This week, oil markets will be assessing the impact of OPEC and its allies' agreement to cut output by 1.2 million b/d, under a preliminary deal reached on December 7. Iran, Libya and Venezuela will be effectively exempted from the cuts. The 24-country OPEC and non-OPEC coalition will meet in Vienna again in April to assess progress amid concern over the health of the global economy and the impact of trade wars on demand.

Meanwhile, Asian oil refiners and traders will be shifting their focus on February crude oil loading programs. Saudi Aramco last week cut the price differential for January-loading Arab Light crude bound for Asia by $1/b from the previous official selling price, making it attractive to Asian buyers.

The petrochemicals market is looking at China's Dalian Commodity Exchange, which has launched June to November 2019 futures contract for monoethylene glycol. Market views were divided on whether the new launch could boost market confidence amid the already bearish sentiment.

In agriculture, Australian premium white wheat prices hit a one-month high on the back of reduced crop production and tighter supply, despite the harvest being in full swing.
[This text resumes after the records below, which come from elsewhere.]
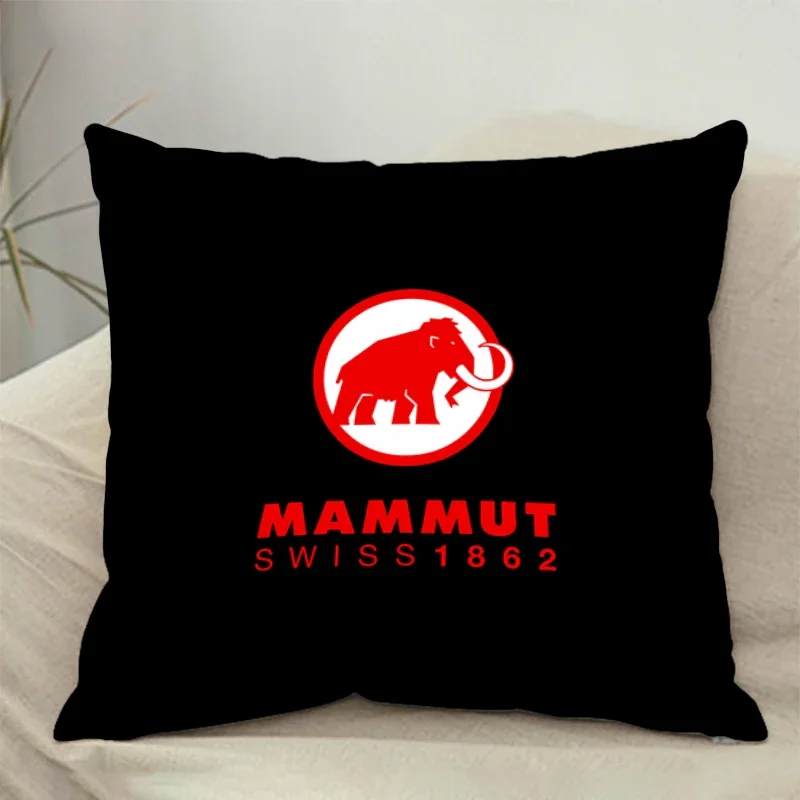 جديد المخدة الفراش وسادة مربعة مريحة أريكة ماموت المخدة الرياضة في الهواء الطلق العلامة التجارية شعار الموضة تعزيز ديكور المنزل #3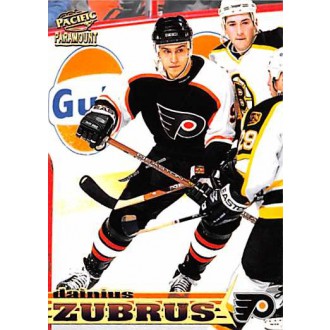 Řadové karty - Zubrus Dainius - 1998-99 Paramount No.179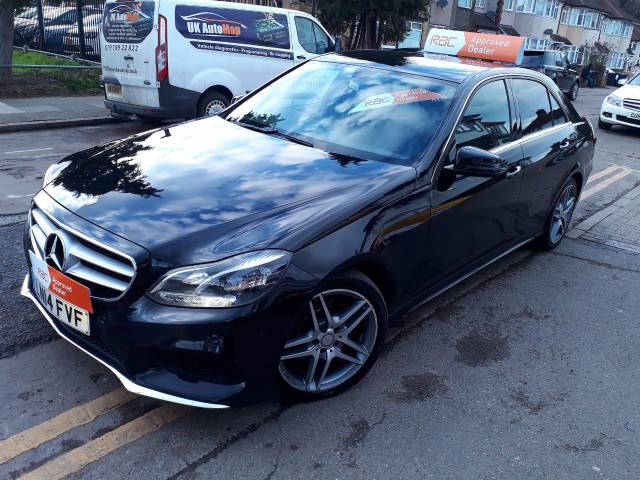 2014 Mercedes-Benz E Class 2.1 E220 CDI AMG Sport 4dr 7G-Tronic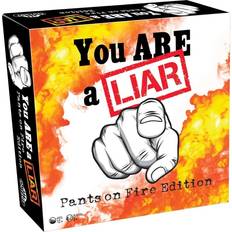 Board Games Outset Media You Are a Liar Pants on Fire Game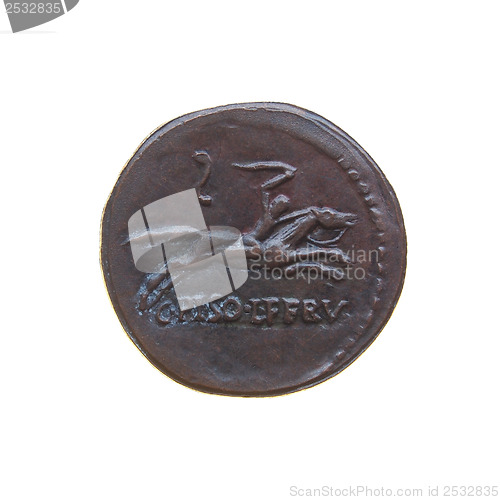 Image of Coin isolated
In thermal coal, several Chinese buyers are anticipating that Beijing's import restrictions for seaborne thermal coal cargoes will be lifted at the end of December.

View Full Transcript

The highlights this week: OPEC cuts production by 3% for six months, Australian APW wheat prices hit one-month high despite the harvest season, and Chinese thermal coal market sees prices rebounding.
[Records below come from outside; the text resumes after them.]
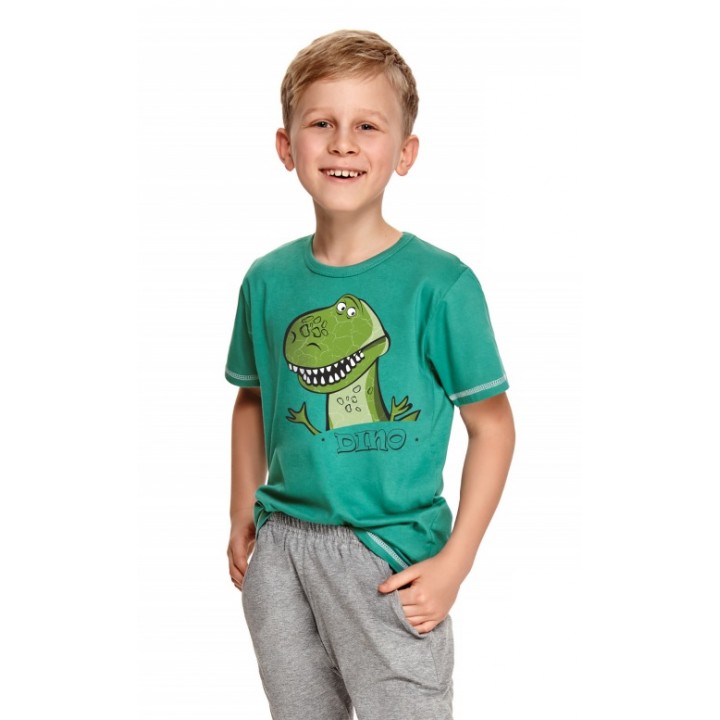 TARO 2216 ALAN SS21 122-140 140 зеленая пижама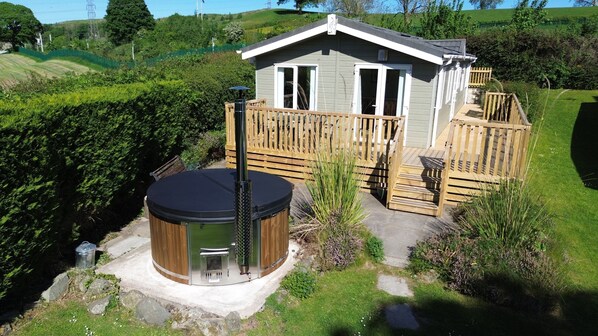 Terrasse/gårdhave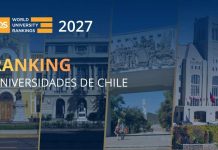 Ranking Universidades de Chile 2027 | QS World University Rankings Ranking Universidades de Chile 2027 | QS World University Rankings
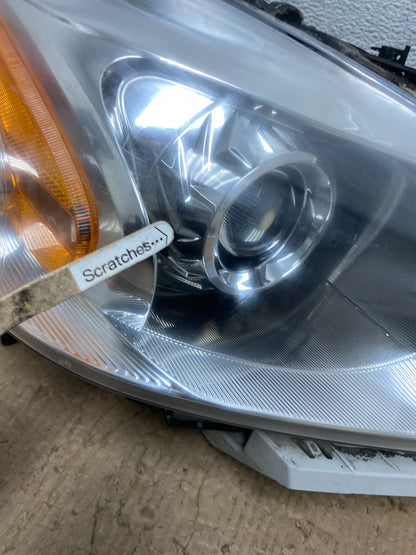 2013 2014 2015 Nissan Altima Right Passenger RH Halogen Headlight AD8799 DW3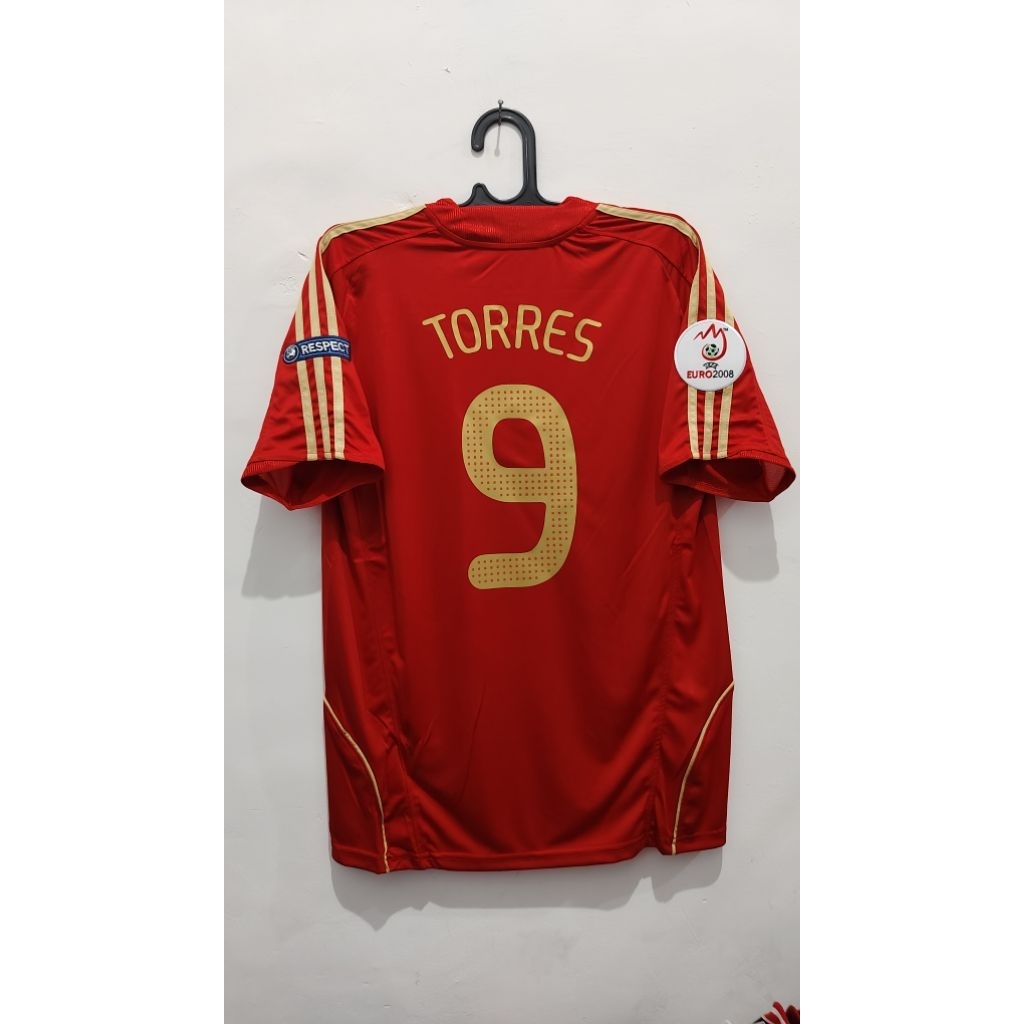 jersey retro Spanyol Torres size L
Let's start with oil: OPEC has committed to cut output by 800,000 barrels per day, while the 10 non-OPEC producers led by Russia will slash another 400,000 b/d for six months from January, under a preliminary deal reached on December 7. Iran, Libya and Venezuela will be effectively exempt from the cuts. The 24-country OPEC and non-OPEC coalition will meet in Vienna again in April to assess progress amid concern over the health of the global economy and the impact of trade wars on demand.

So here's the social media question of the week: do you think the 1.2 million barrels per day cut is enough for crude prices to recover? Share your thoughts on Twitter with the hashtag PlattsMM.
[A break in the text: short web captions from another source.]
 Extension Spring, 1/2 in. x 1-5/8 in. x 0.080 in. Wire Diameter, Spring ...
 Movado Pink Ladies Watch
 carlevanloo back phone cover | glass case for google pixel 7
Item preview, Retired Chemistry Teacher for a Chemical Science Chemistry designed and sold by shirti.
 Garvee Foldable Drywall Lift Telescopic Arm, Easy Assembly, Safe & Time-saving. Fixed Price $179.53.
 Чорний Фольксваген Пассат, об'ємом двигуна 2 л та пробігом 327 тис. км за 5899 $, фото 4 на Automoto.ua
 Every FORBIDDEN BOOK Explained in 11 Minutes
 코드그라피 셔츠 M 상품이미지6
Still in oil, Asian oil refiners and traders will be shifting their focus on February crude oil loading programs, as market digests news on the OPEC and non-OPEC meeting. One of the key highlights is Saudi Arabia's level of incremental term supplies seen in recent months for January. Last week, Saudi Aramco cut the price differential for January-loading Arab Light crude bound for Asia by $1/b from the previous official selling price. Aramco's steep cuts on its OSP for the January loading program is looking attractive to Asian buyers and Asian importers of Iranian oil are also considering taking up incremental supplies from Saudi Arabia to make up for the supply shortfall in Iran.

In petrochemicals, China's Dalian Commodity Exchange has launched June to November 2019 futures contract for monoethylene glycol on December 10. Market views were divided on whether the new launch could boost market confidence amid the already bearish sentiment, though most people were not as optimistic.

Moving to agriculture, Australian premium white wheat prices hit a one-month high on the back of reduced crop production and tighter supply, despite the harvest being in full swing. Due to the drought on Australia's east coast earlier this year, wheat prices have jumped on concerns of grain supply tightening as a result. Sources said selling interest from Australian growers appear to be slow this year, which could be a possible reason for higher wheat prices.

And finally in thermal coal, several Chinese thermal coal buyers are anticipating that Beijing's import restrictions for seaborne cargoes will be lifted at the end of December. Chinese buyers have booked some December loading Capesize cargoes of FOB Newcastle 5,500 NAR thermal coal, with prices rebounding to $60/mt FOB last week in the spot market.

And that's it for this week. Thanks for kicking off your Monday with us. Have a great week ahead!